(Brief descriptive captions)
***

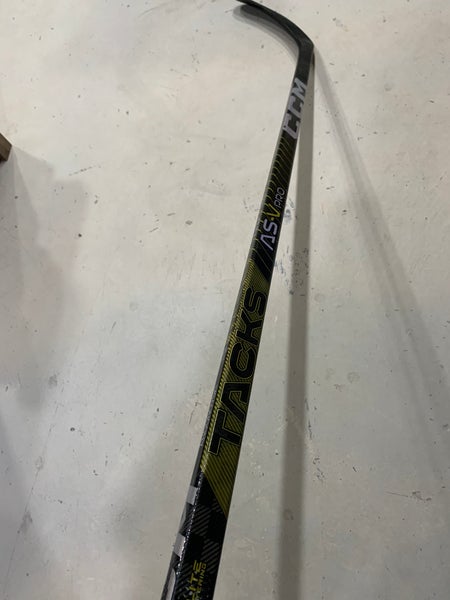 Senior Right Handed P29 Pro Stock Super Tacks AS-V PRO Hockey Stick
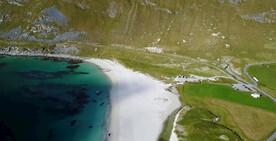 航拍海浪岸沙滩岛屿鸟瞰自然风光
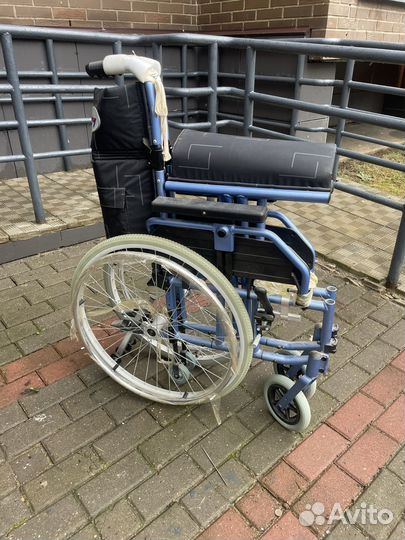 Инвалидная коляска
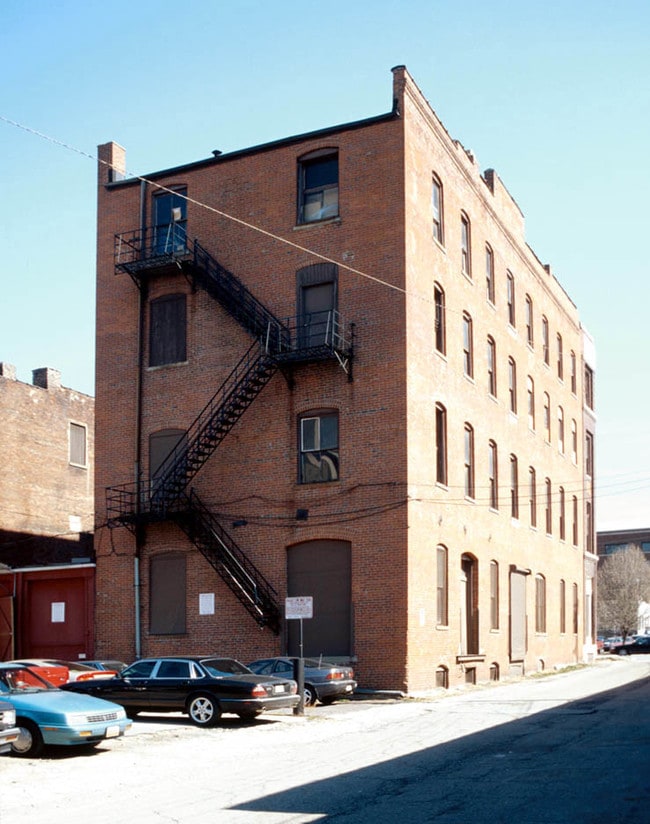 Alternate building view - 221-225 N 4th St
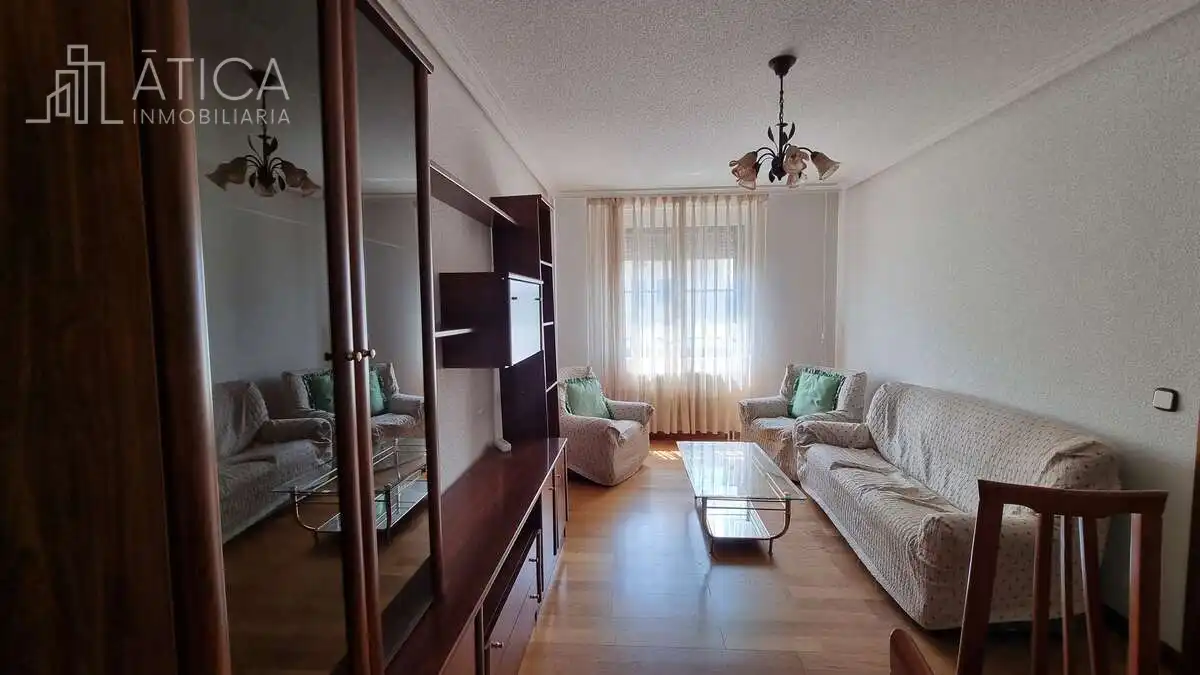 Piso de alquiler en Capuchinos - Glorieta - Ciudad Jardín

***

**TASK INSTRUCTIONS**
Every record above should come back exactly, but without its pictures.

**REPLY**
 Senior Right Handed P29 Pro Stock Super Tacks AS-V PRO Hockey Stick
 航拍海浪岸沙滩岛屿鸟瞰自然风光
 Инвалидная коляска
 Alternate building view - 221-225 N 4th St
 Piso de alquiler en Capuchinos - Glorieta - Ciudad Jardín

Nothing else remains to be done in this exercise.